§ About this task
Without including any picture, repeat the records below exactly.

§ Data for review

============================================================

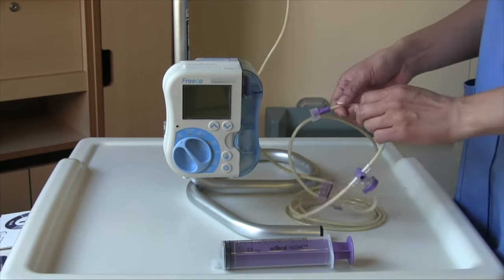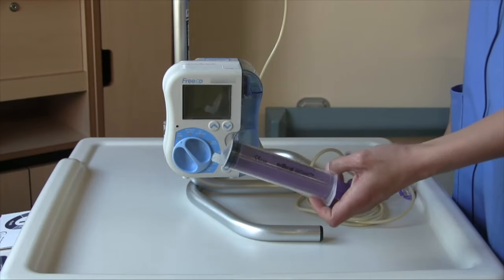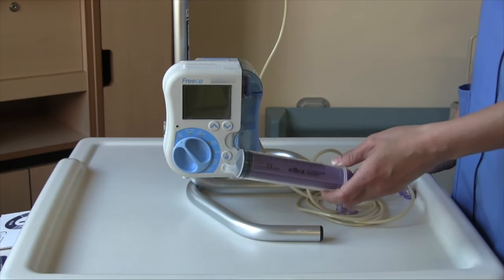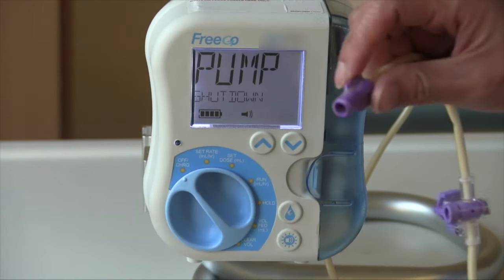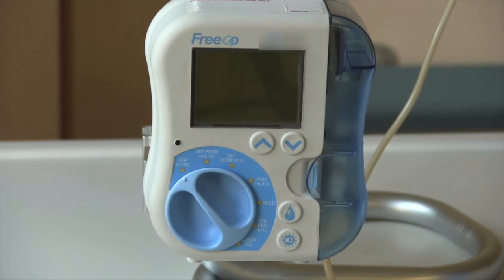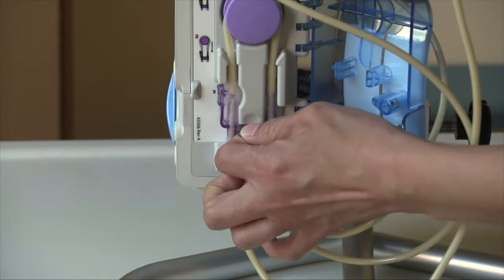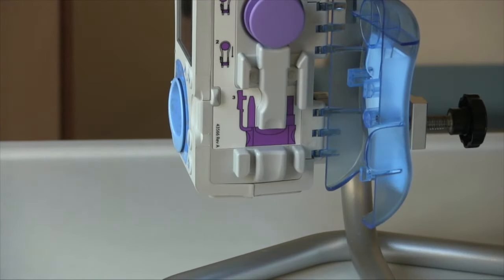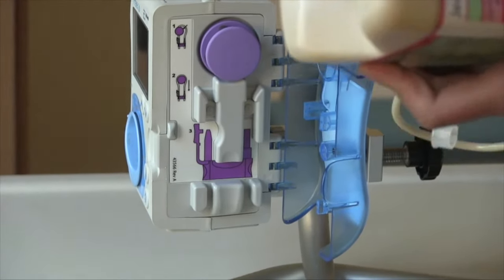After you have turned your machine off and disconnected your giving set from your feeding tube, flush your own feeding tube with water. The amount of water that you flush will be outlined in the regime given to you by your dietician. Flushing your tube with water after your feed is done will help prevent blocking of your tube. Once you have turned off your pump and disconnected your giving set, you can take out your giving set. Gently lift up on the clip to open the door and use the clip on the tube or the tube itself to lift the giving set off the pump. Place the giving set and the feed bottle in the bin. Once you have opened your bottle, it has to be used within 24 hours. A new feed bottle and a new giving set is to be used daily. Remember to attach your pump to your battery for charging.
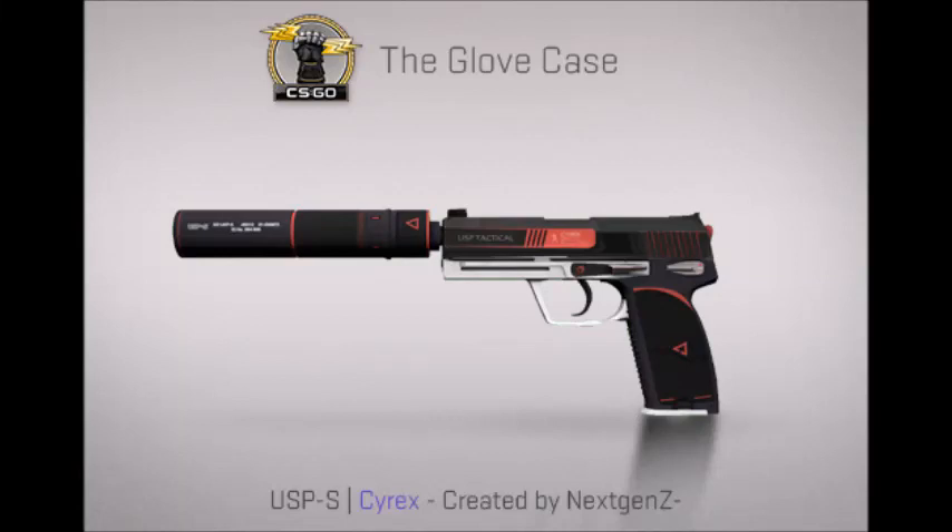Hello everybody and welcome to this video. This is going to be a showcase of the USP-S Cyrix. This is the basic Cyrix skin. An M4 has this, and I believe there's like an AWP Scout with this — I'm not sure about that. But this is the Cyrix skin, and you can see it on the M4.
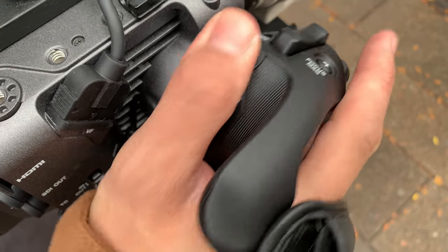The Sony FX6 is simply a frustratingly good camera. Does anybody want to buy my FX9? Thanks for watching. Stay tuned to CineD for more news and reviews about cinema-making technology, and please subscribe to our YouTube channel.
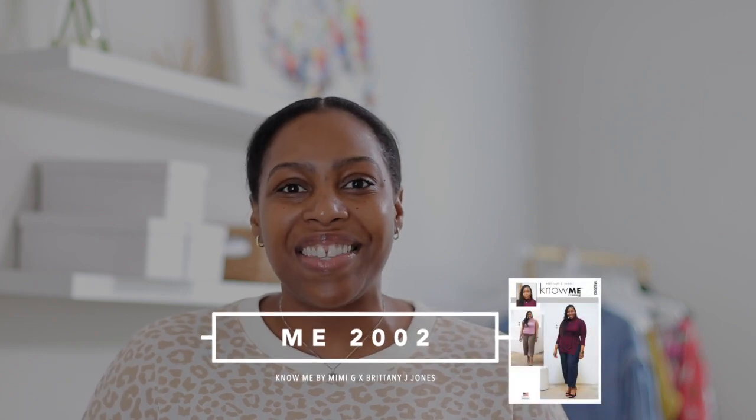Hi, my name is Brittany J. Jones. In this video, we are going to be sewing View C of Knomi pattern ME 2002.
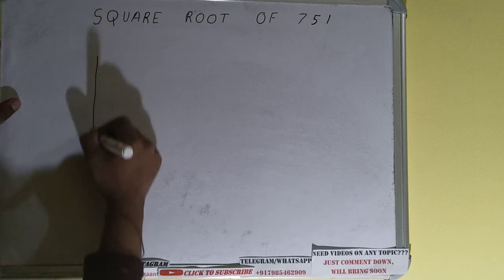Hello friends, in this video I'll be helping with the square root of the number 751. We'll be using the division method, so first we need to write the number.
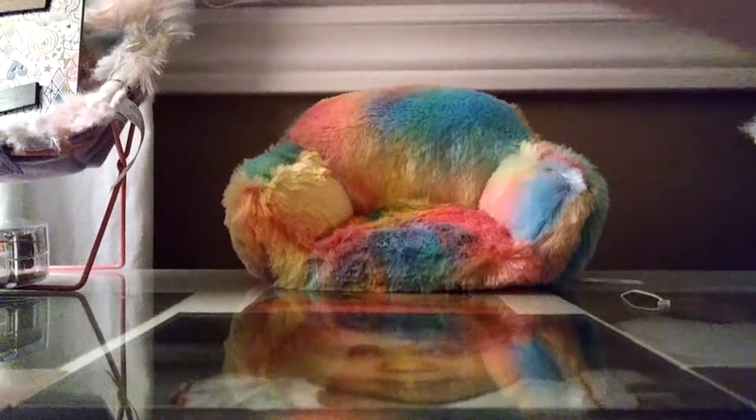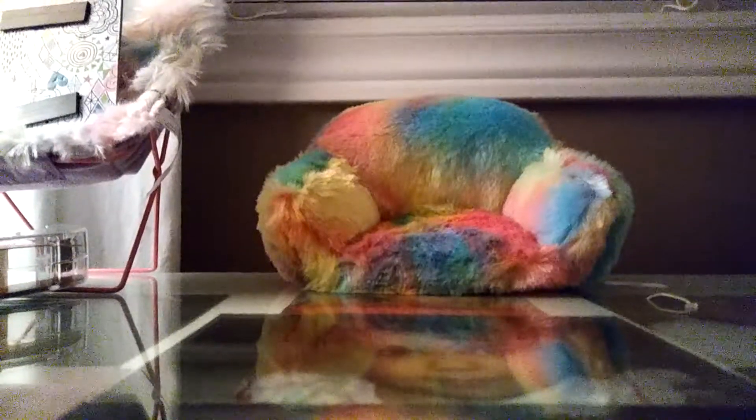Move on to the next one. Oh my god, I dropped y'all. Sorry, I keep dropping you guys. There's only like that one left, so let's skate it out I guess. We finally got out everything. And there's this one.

============================================================

§ Reply to the exercise
After you have turned your machine off and disconnected your giving set from your feeding tube, flush your own feeding tube with water. The amount of water that you flush will be outlined in the regime given to you by your dietician. Flushing your tube with water after your feed is done will help prevent blocking of your tube. Once you have turned off your pump and disconnected your giving set, you can take out your giving set. Gently lift up on the clip to open the door and use the clip on the tube or the tube itself to lift the giving set off the pump. Place the giving set and the feed bottle in the bin. Once you have opened your bottle, it has to be used within 24 hours. A new feed bottle and a new giving set is to be used daily. Remember to attach your pump to your battery for charging.
Hello everybody and welcome to this video. This is going to be a showcase of the USP-S Cyrix. This is the basic Cyrix skin. An M4 has this, and I believe there's like an AWP Scout with this — I'm not sure about that. But this is the Cyrix skin, and you can see it on the M4.
The Sony FX6 is simply a frustratingly good camera. Does anybody want to buy my FX9? Thanks for watching. Stay tuned to CineD for more news and reviews about cinema-making technology, and please subscribe to our YouTube channel.
Hi, my name is Brittany J. Jones. In this video, we are going to be sewing View C of Knomi pattern ME 2002.
Hello friends, in this video I'll be helping with the square root of the number 751. We'll be using the division method, so first we need to write the number.
Move on to the next one. Oh my god, I dropped y'all. Sorry, I keep dropping you guys. There's only like that one left, so let's skate it out I guess. We finally got out everything. And there's this one.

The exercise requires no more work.